A friend pointed me towards this insightful article in the Economist about what I’ve been calling the “U-shaped happiness curve.” (In Britspeak, that’s “U-bend.”) It attributes widespread corroboration to “a new branch of economics that seeks a more satisfactory measure than money of human well-being,” and observes that the U-bend shows up consistently and globally across 40 years’ worth of data, even when scientists control for cash, employment status and children.
The accompanying graph, which shows self-reported well-being increasing steadily after the age of 50, ends at 85. I wonder how long it will take for those economists to extend the X-axis to age 100. As to what the graph will then show, I take heart from gerontologist Marc Agronin’s findings that “compared to their younger peers, centenarians cope better with stress, are generally less anxious and depressed, and have increased levels of life satisfaction, even when their functional limitations are greater.”
This is great. I’m 31 at the moment and unlike many of my friends, I don’t mind getting older. The “little things” seem to lose significance in the overall grand scheme of things. I’m also getting frequent, piercing moments of clarity that are unlike any level of self awareness that I’ve had in the past.

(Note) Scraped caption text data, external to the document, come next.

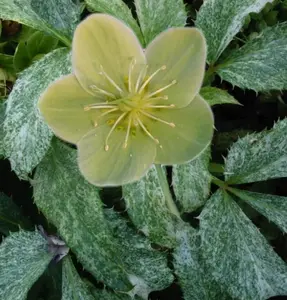 Helleborus argutifolius Pacific Frost | Corsican Hellebore | 10_Seeds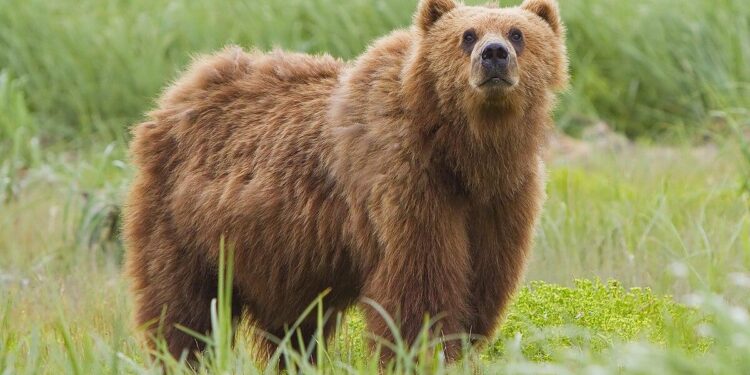 Bears inform fans of plans to leave Soldier Field, finalize stadium in Arlington Heights for Super Bowl bid – CBS Sports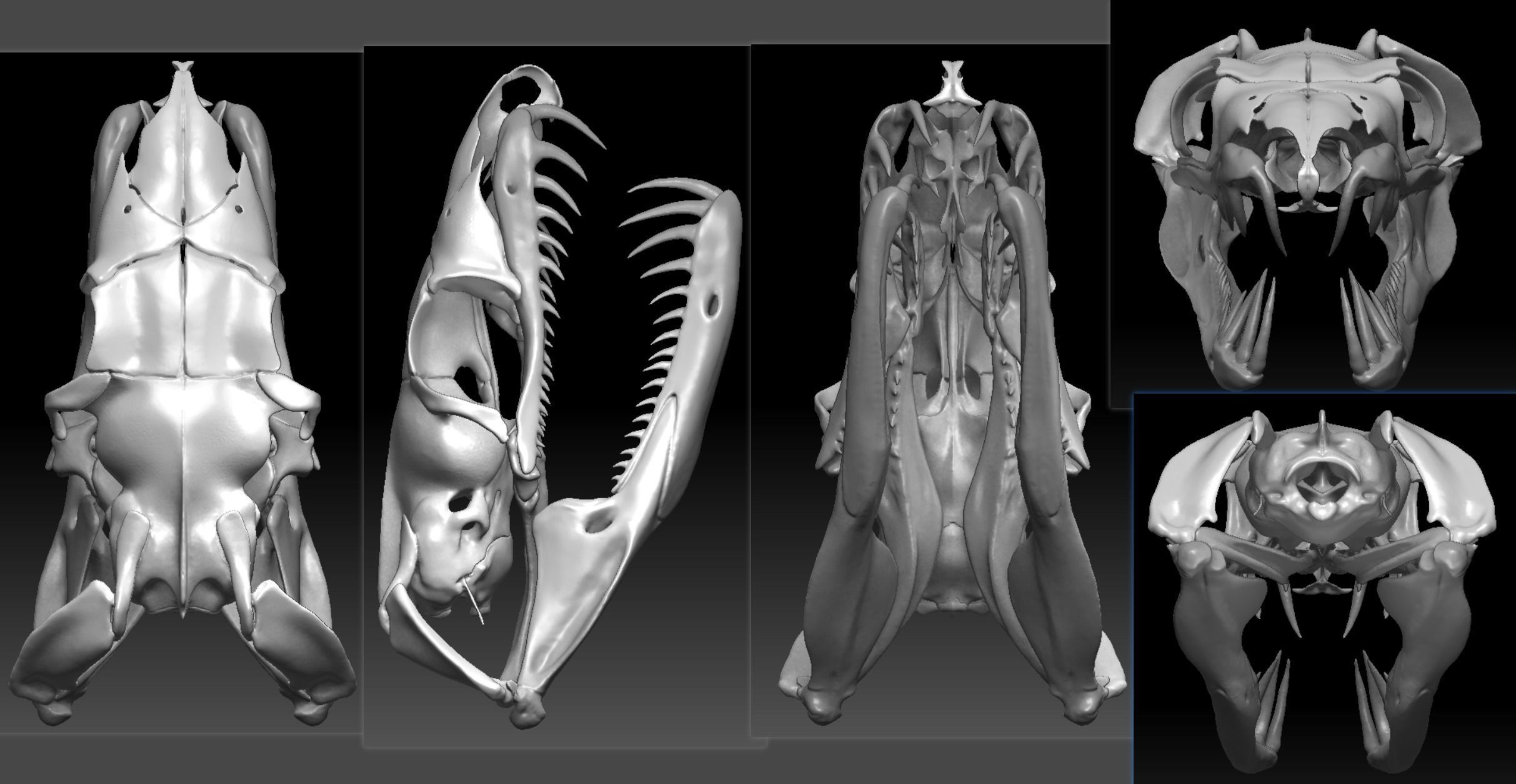 Python Skeleton Snake Lamp Decoration Scanned Printable replicas 3D print model_8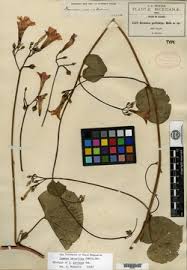 Image result for Ipomoea intrapilosa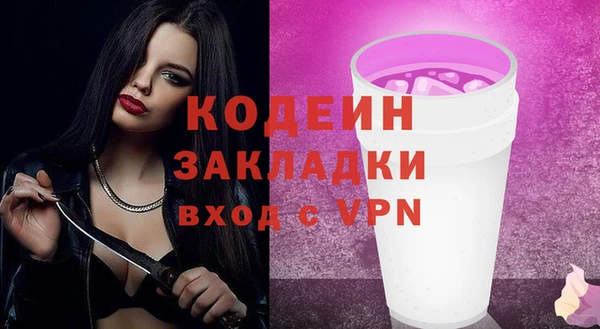 шишки Абаза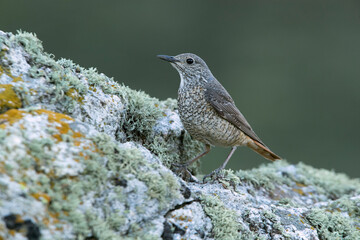 Rufous-tailed rock thrush adult female in early morning light in her breeding territory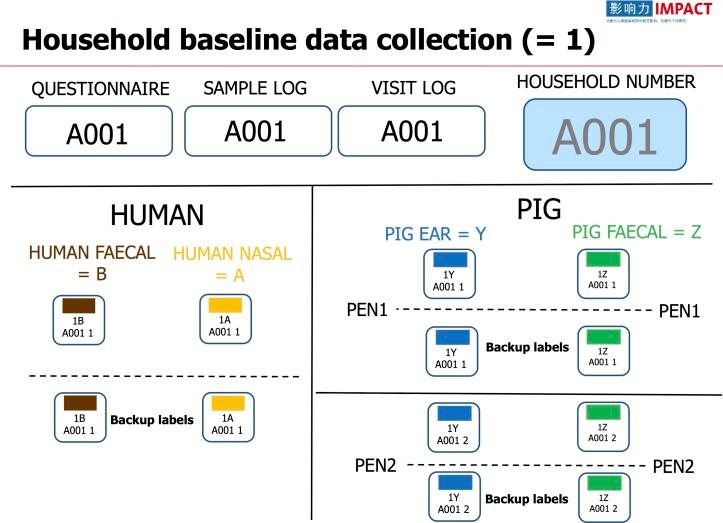 https://cdn.ncbi.nlm.nih.gov/pmc/blobs/b03a/5780695/349a1ed4a9a5/bmjopen-2017-017832f03.jpg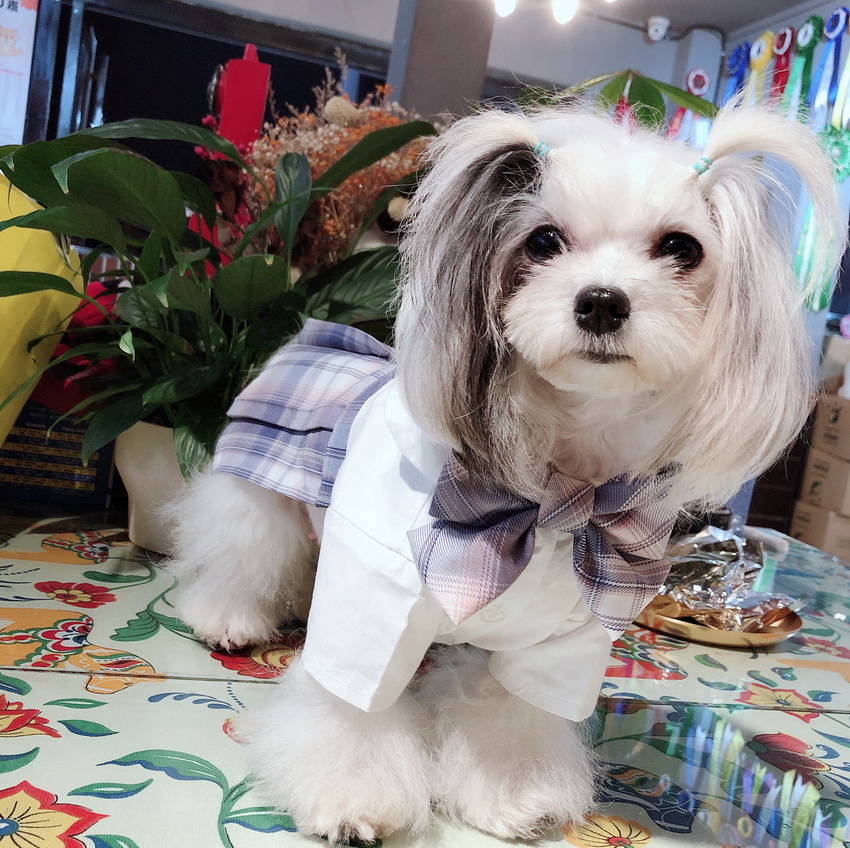 跨境宠物jk制服百褶裙狗狗猫咪衣服雪纳瑞泰迪温柔一刀电竞少女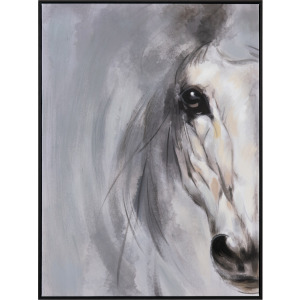 Equine Views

This definitive survey across 132 countries conducted by David Blanchflower and published in 2020 by the National Bureau of Economic Research establishes that, “the happiness curve is everywhere.” https://www.nber.org/papers/w26641
This December 2020 Nat. Bureau of Economic Research working paper by leading happiness researcher David Blanchflower provides “extensive evidence on the middle age patterns, new evidence of how they differ across the married and unmarried—which is not the case in most other wealthy countries, and review new work on well-being and mortality among the elderly.” Once again Blanchflower and his colleagues find “consistent happiness U-curves. We find that the U-shape holds across several datasets for the U.S. and regardless of whether we include controls for confounding factors (such as education, marriage, and health, or not—i.e., whether we control for these factors and look at the pure effects of aging on well-being, or simply look at the patterns in the raw data).”